TVD & MJ | Remember The Time

(Ed. note: Since having thwacked us into covers mode with her Friday Parting Shots guest post, Lemmonex returns with some thoughts on the passing of MJ…)

I have a memory that I am not entirely sure is accurate. It’s one of those childhood blurs that I may have incorporated as a result of constant retelling, not of actual recollection. I choose to believe this mental snapshot is mine and not some sort of fabrication pieced together over the years.

I was a little girl, about four-years-old. My mom had driven my younger brother and me to Syracuse to visit my Aunt Carol. It is the first time I remember meeting my cousin Sara…she was perhaps a year old. My aunt put on the “Thriller” album and I danced wildly in her apartment. It is a somewhat muddled memory, but I remember flinging myself gleefully on her water bed and my mother and aunt laughing as I practically bounced off the walls. I was a pretty wound up child so didn’t need much encouragement, but if Michael Jackson doesn’t force you to dance…well, you may be dead.

This is one of my earliest memories, a moving Polaroid that always brings a smile to my face. In the past several days, I’ve read countless blog posts peppered with similar tales. Such a cultural force was MJ that these stories cannot be avoided. Everyone wants to share their remembrances of a man who no doubt was devastatingly talented and a true visionary.
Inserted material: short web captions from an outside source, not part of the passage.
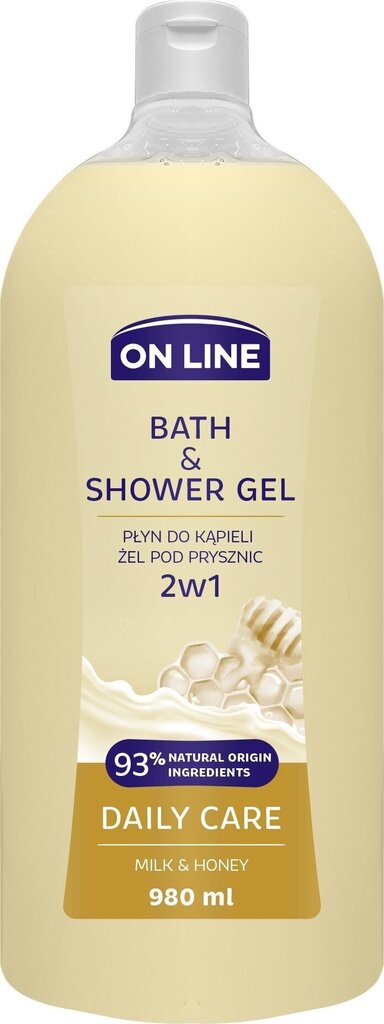 Kreemjas dušigeel ja vannivaht On Line 2in1 Daily care Milk&Honey, 980 ml цена и информация | Dušigeelid, õlid | hansapost.ee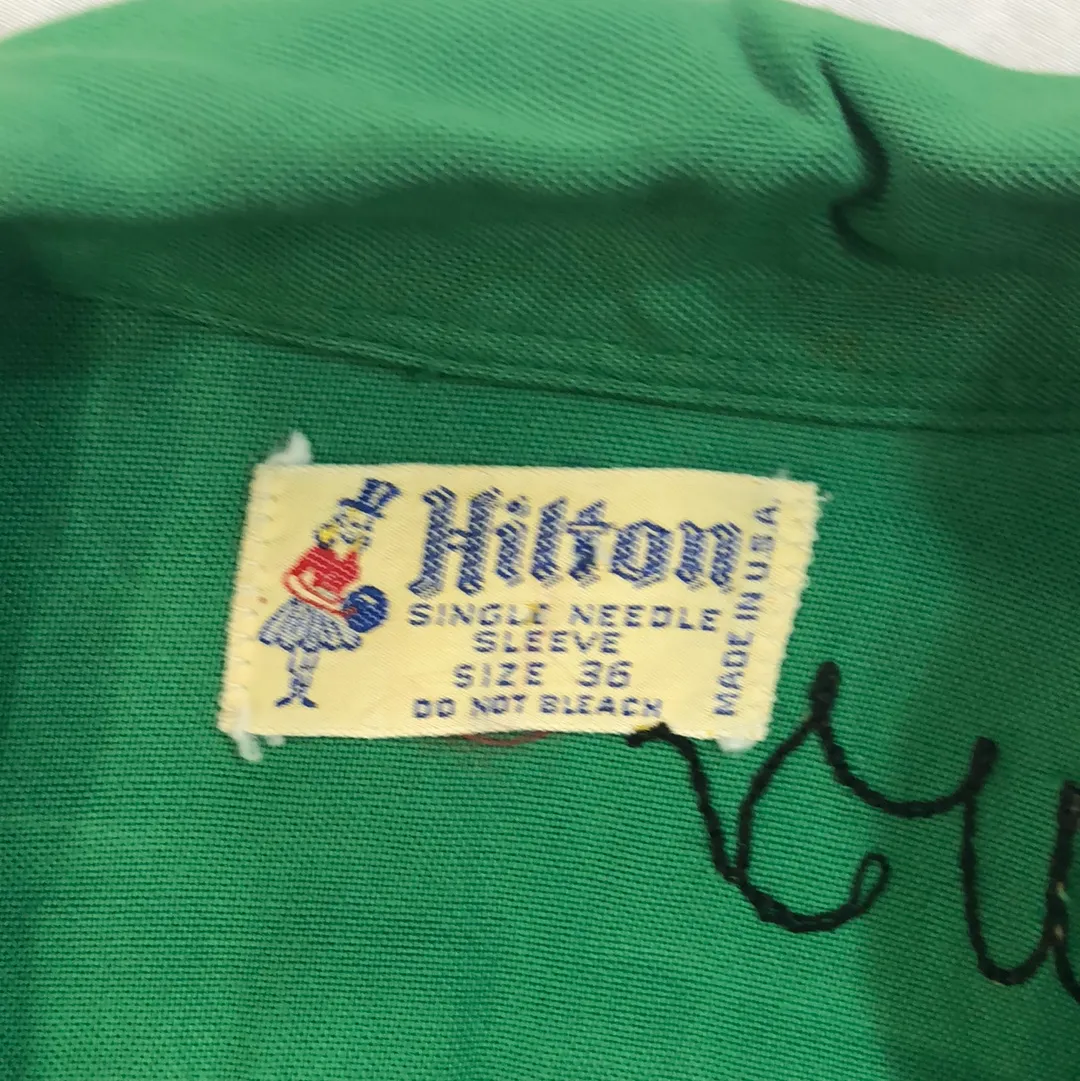 Vintage Green Hilton Bowling Button Up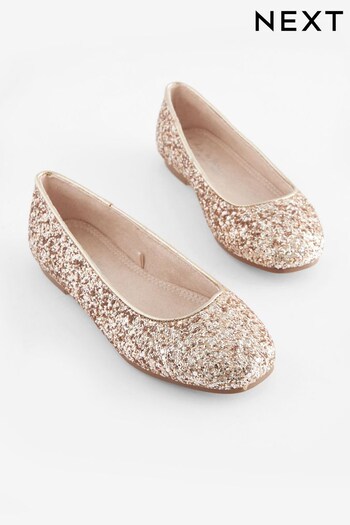 Rose Gold Glitter Square Toe Occasion Ballet Shoes (T91759) | £20 - £27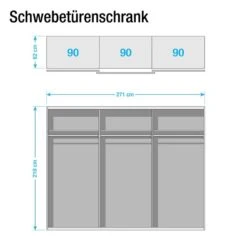 Armoire à Portes Coulissantes Bernau -Armoire Soldes Boutique schwebetuerenschrank greding graumetallic glas basalt 271 cm 3 tuerig 3747792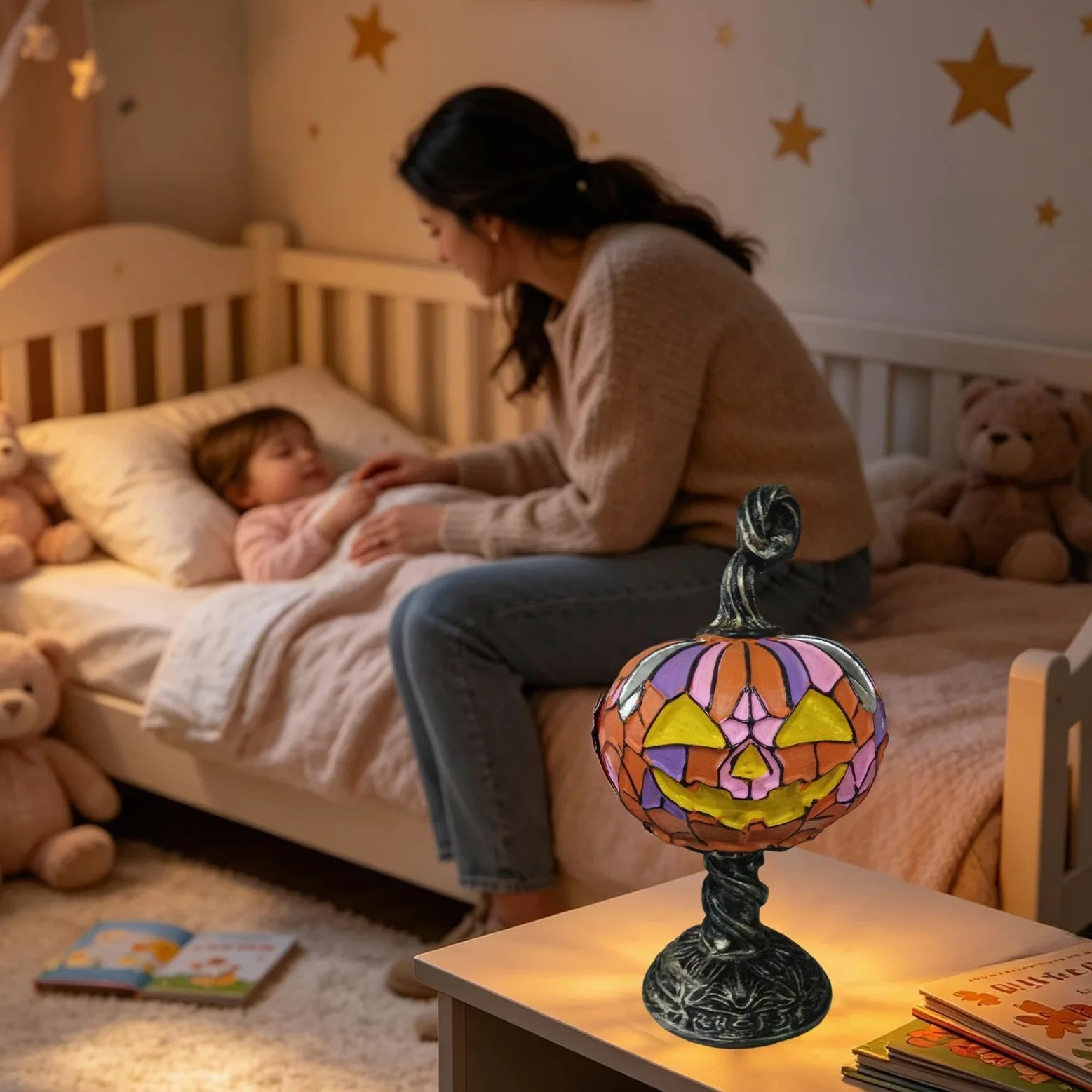 Generico Lampada a forma di di Halloween Luce LED Halloween Per Comodino | Lampada Da Comodino Per Creare Atmosfera Autunnale Nella Casa Soggiorno Camera E Feste Halloween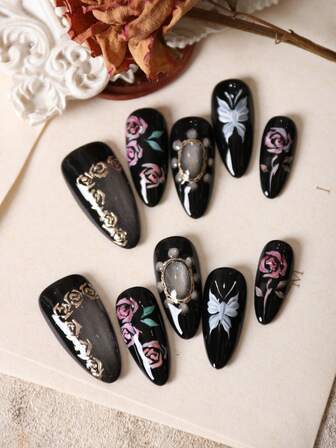 10pcs Press On Nails Fake Nails Almond Press On Nails Black Cat's Eye Hand Drawn Flowers Pink Golden Butterfly Office DailyWear False Nails Artificial Nails Kit Includes 1sheet Adhesive Tabs &1 Pc Mini File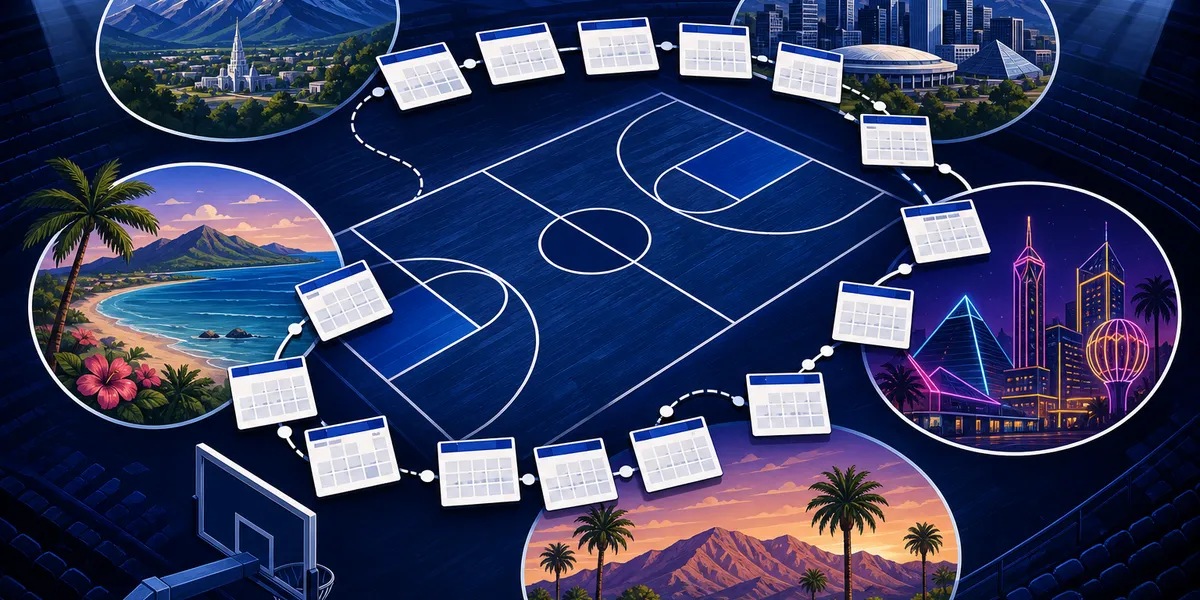 Abstract navy basketball court schedule map with arena lights and travel cards, created for BYU Sport Nuts.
What I cannot help but reflect on is while so many of us were touched by his words and music, there were countless people impacted by the man’s eccentricities and his certainly odd curiosity with young boys. While we have been constantly reminded in the days since his death to focus on the man’s talent and promise, and not the pathos which enveloped him, I can’t help it. Though it was never proven he touched those children, at the very least he had a highly inappropriate relationship with them. His own children were held veritable prisoners in their own homes and forced to wear masks in public, robbed of any sort of normalcy. He leaves behind crippling debt and a somewhat unsure future for his sons and daughter.

It seems some people are so concerned about defiling the crown of the king they turn a blind eye to his sins. I have a hard time separating the music from the monster, the talent from the tormentor. I danced to his songs this past weekend, blaring “Dancing Machine” and “Dirty Diana”, enjoying the simple pleasure they brought me, smiling as I thought of a little girl in pigtails jumping on furniture. I just can’t help but feel a bit conflicted about celebrating the man, no matter how much I want to, knowing what he has done to the childhood of others. These simple stories are ones these kids will never have the joy of recounting.